Sommario: 1. L’antefatto - 2. Proporzionalità e pene accessorie - 3. Gli effetti della sentenza 222/2018. Le prime pronunce della Corte di Cassazione - 4.La remissione alle Sezioni Unite. - 5. Le ricadute pratiche in sede esecutiva. La posizione di Cass. Sez. Un. n. 6240/2014 - 6. La decisione delle Sezioni Unite del 28.2.2019, ric. Suraci. Quali ricadute?
1. L’antefatto. La sentenza in questione trova il proprio diretto antecedente nella sentenza C. Cost. 10 novembre 2016 n. 236 , emessa nel giudizio di legittimità costituzionale dell’art. 567 co. 2 c.p., sentenza cui del resto la motivazione della decisione 222/2018 opera ripetuti e consapevoli richiami. Con il citato precedente del 2016, dunque, la Corte Costituzionale superava un proprio precedente negativo (ord. 106/2007) ed individuava la proporzionalità della pena come limite alla discrezionalità delle scelte legislative, dichiarando illegittimo, per contrasto con gli artt. 3 e 27 Cost., il severo quadro edittale (reclusione da cinque a quindici anni) previsto per il delitto di cui all’art. 567, secondo comma, c.p., che incrimina l’alterazione dello stato civile di un neonato realizzato mediante false certificazioni, false attestazioni o altre falsità; quadro edittale cui, per effetto della sentenza qui in esame, è stato sostituito quello più mite previsto dallo stesso art. 567 primo comma (reclusione da tre a dieci anni).

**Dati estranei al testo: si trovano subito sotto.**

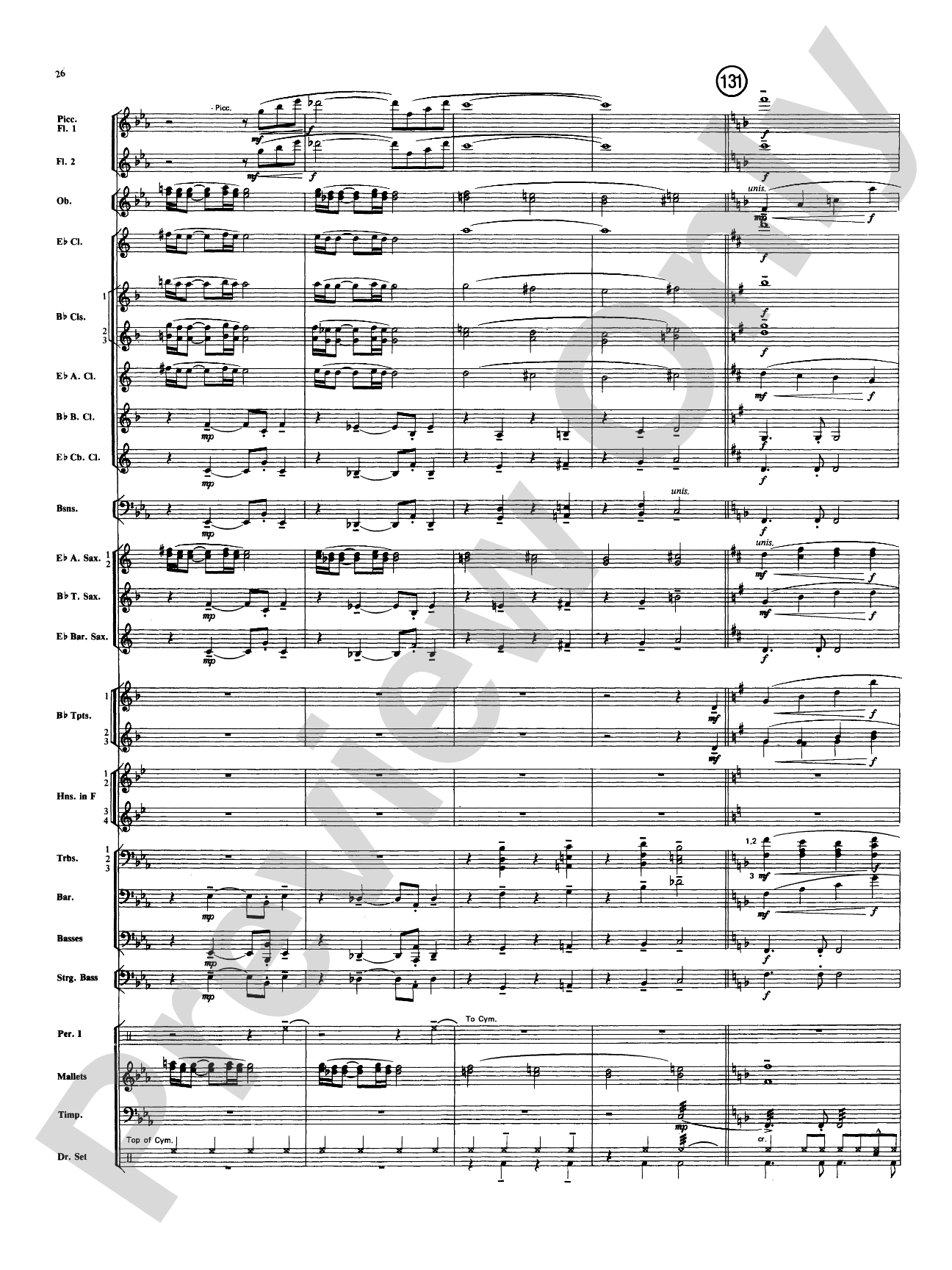 Superman: Concert Band Conductor Score & Parts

Si tratta di una decisione imprescindibile perché l’accoglimento della questione di costituzionalità non nasceva dalla disparità di trattamento tra la disposizione censurata e altra disposizione assunta come tertium comparationis, quanto piuttosto dal riconoscimento della irragionevolezza intrinseca del trattamento sanzionatorio previsto dalla disposizione oggetto di scrutinio. Viene riconosciuto che la cornice edittale della pena prevista per la norma censurata è manifestamente sproporzionata rispetto al reale disvalore della condotta punita, alla luce del principio della funzione rieducativa della pena e – in generale – dell’esigenza di proporzionalità del sacrificio dei diritti fondamentali cagionata dalla pena rispetto all’importanza del fine perseguito attraverso l’incriminazione.
Tanto precisato sul piano concettuale, la Corte analizza poi il tema che più interessava al remittente: con quale pena punire? E’ passaggio delicato, si potrebbe sconfinare da un momento all’altro nel potere legislativo e nella discrezionalità politica che insindacabilmente consegnata al legislatore. Ma la Corte Costituzionale può intervenire, in materia di proporzionalità della pena, soltanto allorché la dichiarazione di illegittimità di un dato quadro edittale comporti la sua sostituzione, idealmente “a rime obbligate”, con altro quadro edittale già operante nell’ordinamento per fattispecie di disvalore comparabile; giacché «obiettivo del controllo sulla manifesta irragionevolezza delle scelte sanzionatorie non è alterare le opzioni discrezionali del legislatore, ma ricondurre a coerenza le scelte già delineate a tutela di un determinato bene giuridico, procedendo puntualmente, ove possibile, all’eliminazione di ingiustificabili incongruenze».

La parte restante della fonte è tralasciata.